FSC is composed of a president, a deputy, and seven primary members. The law also stipulates that proportional representation of the main components of Iraqi society must be guaranteed in the court's composition. In practice, this has meant that it is composed of five Shi’i Arabs, two Sunni Arabs, and two Kurds.

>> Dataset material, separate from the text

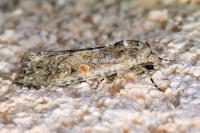 Spodoptera exigua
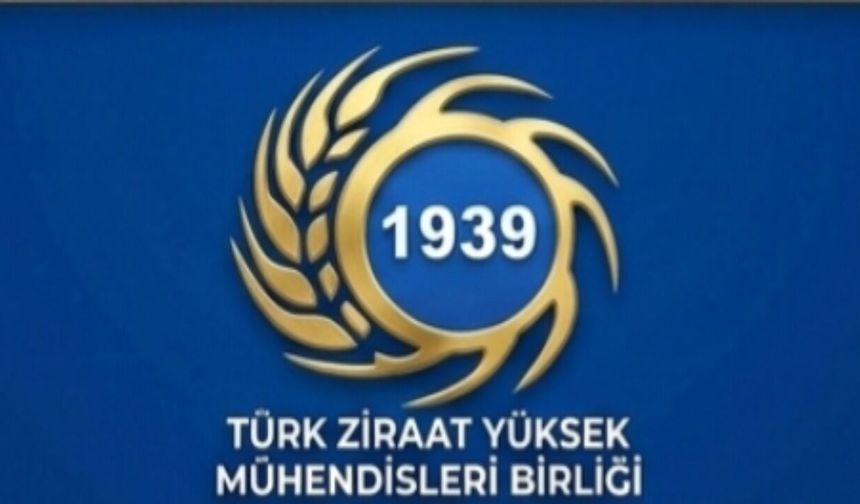 TZYMB’den Buğday Alım Fiyatına Revize Çağrısı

As of April 2026, FSC is composed of the following members:

1. Judge Mundhir Ibrahim Hussein Abd Ali (Chief Justice)
2. Judge Samir Abbas Muhammad Antar (Deputy Chief Justice)
3. Judge Ghalib Aamir Shanin Madhlum
4. Judge Haydar Jabir Abd Jasim
5. Judge Haydar Ali Nouri Hassun
6. Judge Khalaf Ahmad Rajab Shaykh
7. Judge Ayyub Abbas Salih
8. Judge Abdur-Rahman Sulayman Ali
9. Judge Diyar Muhammad Ali Muhammad

In addition to the following reserve members:

1. Judge Adil Abdul-Razzaq Abbas Muhammad
2. Judge Khalid Taha Ahmad Dhahir

==History==
In 2005, the Prime Minister of the Interim Iraqi Government, Ayad Allawi, issued an executive order titled Executive Order (No. 30 of 2005), granting the FSC extensive powers to determine the constitutionality of legislative and regulatory acts, arbitrate disputes between Baghdad and the regions and governorates, validate parliamentary election results, and assert exclusive jurisdiction over prosecutions against top government authorities. The court was also given several guarantees of independence, including at the administrative and financial levels. Due to the fact that the Supreme Court at the time was established by an executive order before the adoption of the new Iraqi constitution and the subsequent formation of the Council of Representatives, a separate law passed by the Council (by supermajority) that formally defines the court’s status was required to be passed, per Article 92 of the Constitution of Iraq. However, in June 2021, after a string of failed attempts to reach a compromise between Iraqi political parties representing different components of the society, the simple majority of the Council of Representatives passed a law (Federal Supreme Court Law No. 25 of 2021) that amended the previous executive order that defined the FSC. Instead of passing a new law stipulated by the constitution, which would’ve required a supermajority, a legal loophole was found in amending the previous law passed by interim premier Allawi by simple majority.